We’re stuck with the word “vanilla” now, along with all its connotations. It would be annoying and probably impossible to invent a different word for “people who aren’t into BDSM”. But, hey — we’ve reclaimed so many other terms in this modern era … why not reclaim “vanilla”? Let’s make “vanilla” mean “delicious, complex, layered and interesting”, rather than “plain”!

As a side note, one interesting thing that my vanilla friend pointed out is this: “I feel like we should have learned by now that all these things occur on a spectrum. Maybe I’m not gay but I am queer. Maybe I’m into handcuffs and blindfolds but nothing else. Maybe there needs to be language to describe that spectrum rather than trying to draw a line in the sand. My sense is that the grey area is vast.
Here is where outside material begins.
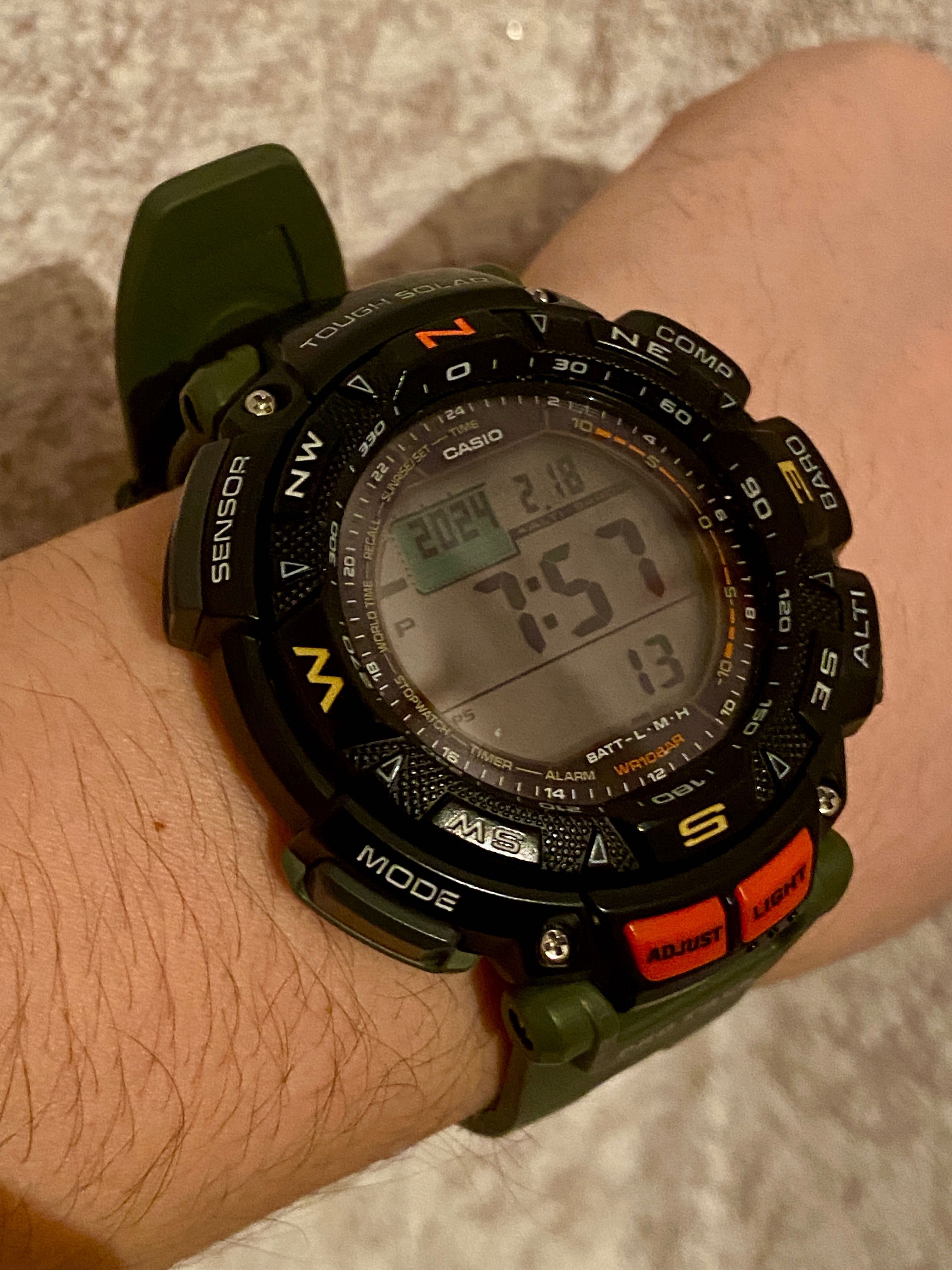 Часи оригінальні Casio PRG-240-1ЕR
Embracing it could be a useful strategy.”

There’s a term, “french vanilla”, that BDSMers sometimes use to indicate people who are “kind of into BDSM, but not heavily into it”. It’s cute, but I don’t ultimately find this term very helpful, and here’s why: as soon as you start talking to BDSMers about their BDSM preferences, you quickly find that they are more into some things than others — and that there are many BDSM acts they just aren’t interested in.

Usually, I think about this in terms of “sliders”. On the most basic level, I envision several BDSM sliders: a Bondage slider, a Dominance slider, a Submission slider, a Sadism slider, and a Masochism slider. Frequently, these sliders overlap — for instance, many people with a high Masochism slider have a high Submission slider. You can get even more complicated and talk about the specific acts that people enjoy or dislike, but I tend to find that those sliders are a good place to start.
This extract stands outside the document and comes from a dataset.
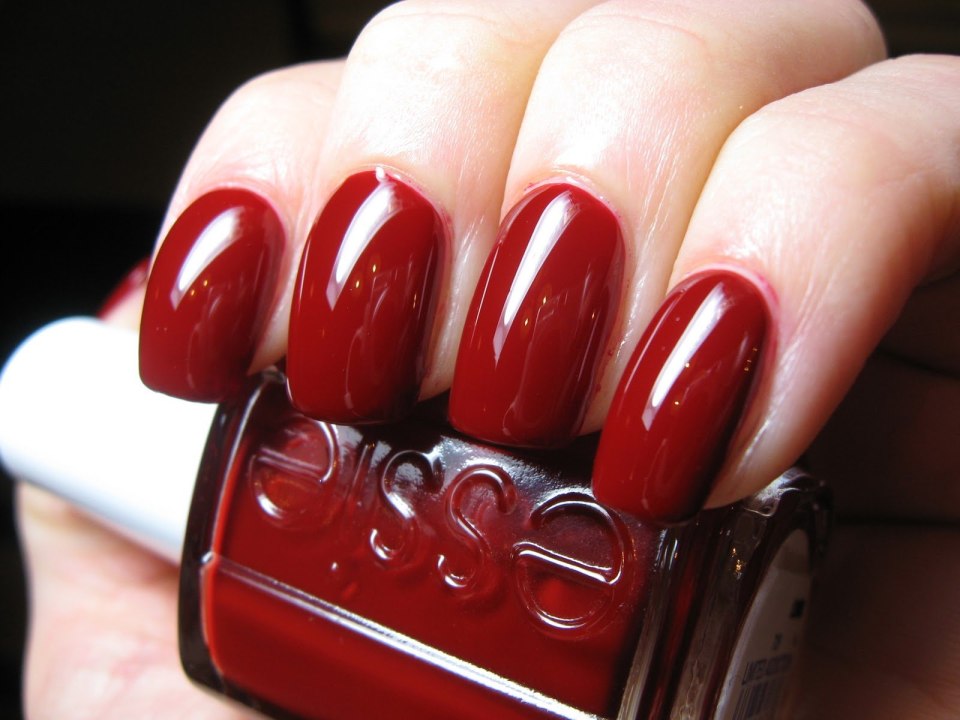 Essie кроваво красный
So basically, if we’re going to complexify the conversation by talking about the BDSM spectrum, then I think we might as well go straight for the sliders, and skip vague terms like “french vanilla”.

… I just had a startling thought. Arguably … what we’re actually describing, when we talk about “vanilla people” vs. “BDSM people”, is more about the way people think about these acts — how formally people articulate these acts — and less about how much, or how heavily, people actually do them. But this post has already gotten quite long, so I’ll have to explore that idea another day.

* “Kink” = “a specific sexual preference”. For instance, if I like whipping people, then you could say that I have a kink for whipping people.

** “Squick” = “a non-judgmental dislike of a certain sexual act”. For instance, if I feel really bothered by the idea of someone whipping someone else, then you could say that I am squicked by whipping.